▶ _Provided data_:
=== Section Start ===

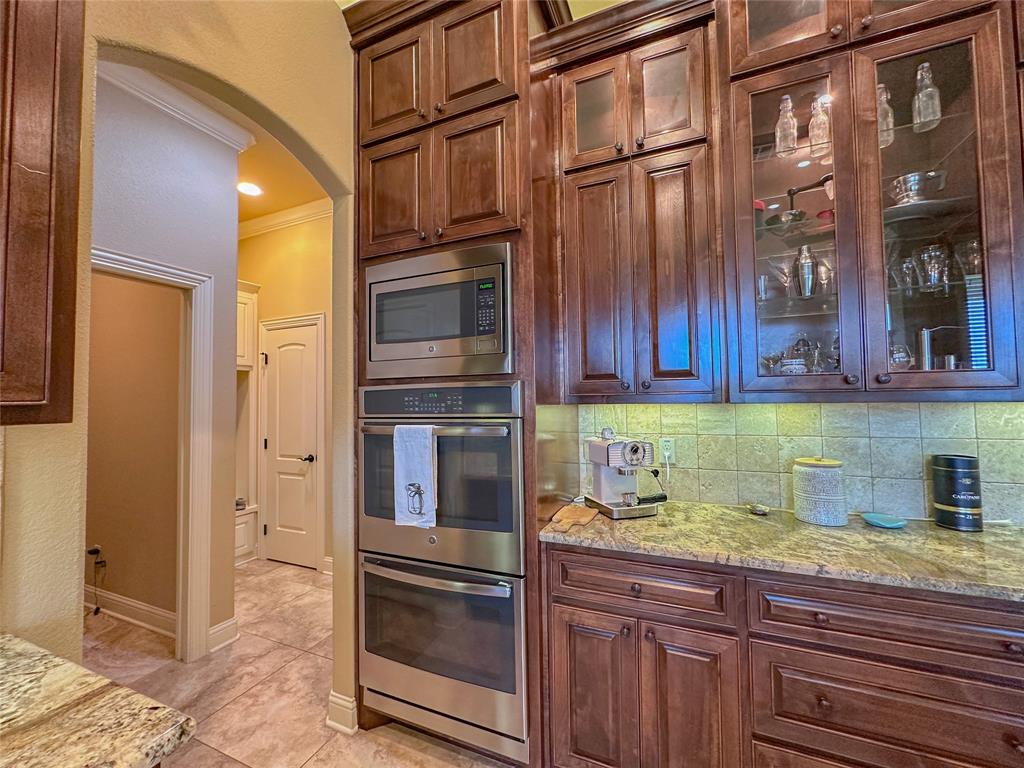 Kitchen featuring wood-finish cabinetry, stainless steel built-in microwave and oven, stone countertops, and tile backsplash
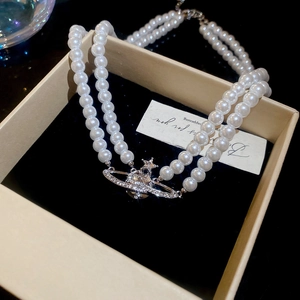 Detailed view of Saturn planet pendant with crystals on double-layer pearl necklace
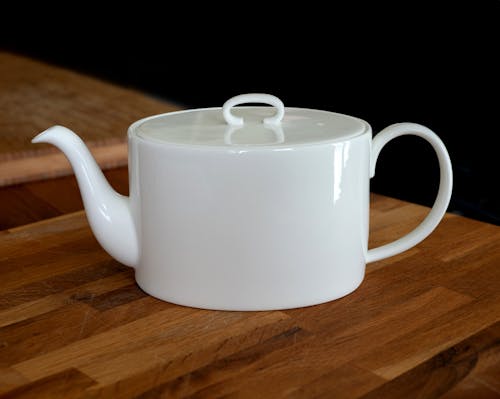 A white teapot on a wooden table
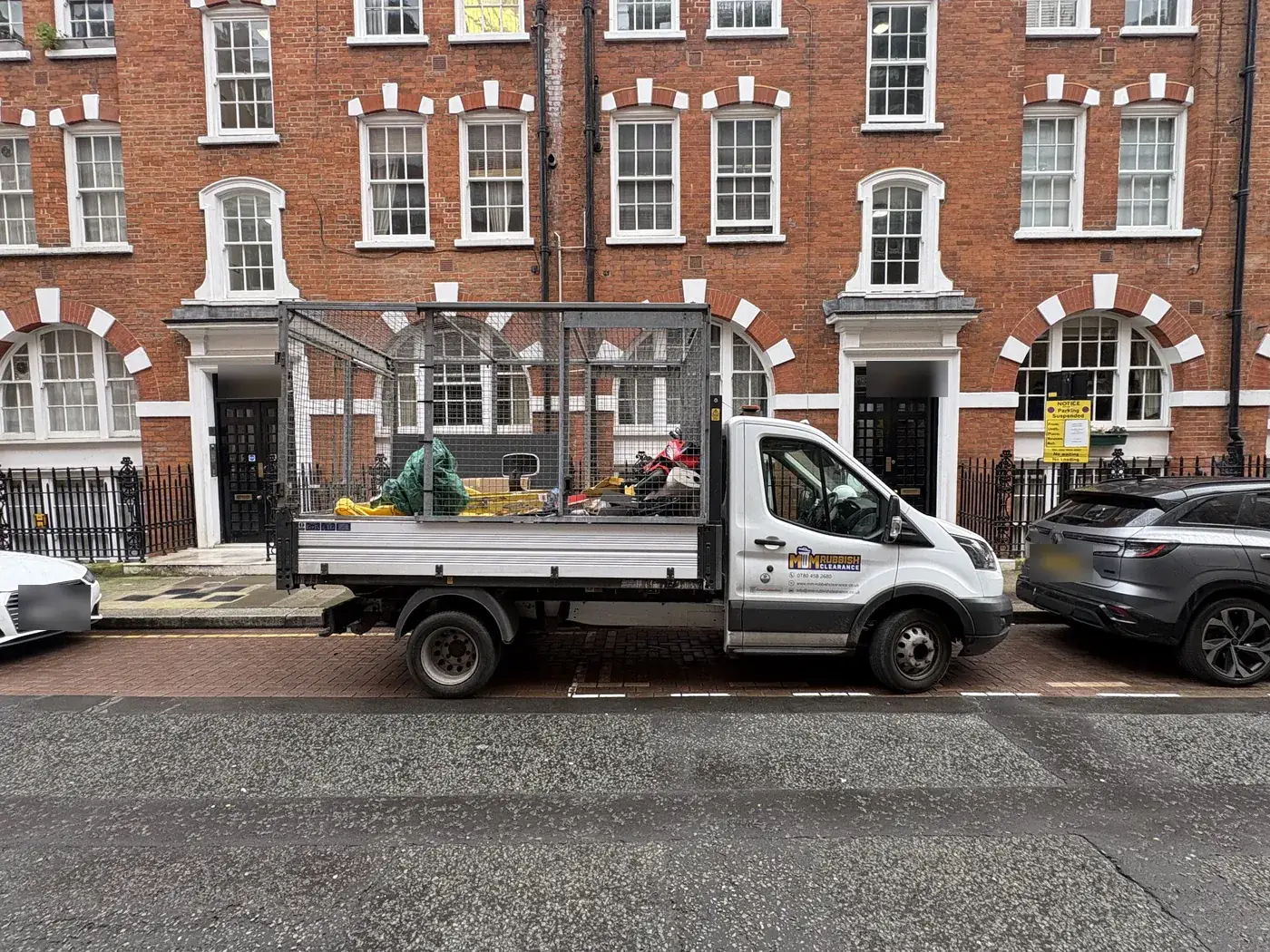 MM Rubbish Clearance caged tipper vehicle parked on Hanson Street, Fitzrovia, during a collection.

=== Section End ===

▶ _Task statement_:
Please repeat the data above exactly as it appears, pictures excluded.

▶ _Answer below_:
 Kitchen featuring wood-finish cabinetry, stainless steel built-in microwave and oven, stone countertops, and tile backsplash
 Detailed view of Saturn planet pendant with crystals on double-layer pearl necklace
 A white teapot on a wooden table
 MM Rubbish Clearance caged tipper vehicle parked on Hanson Street, Fitzrovia, during a collection.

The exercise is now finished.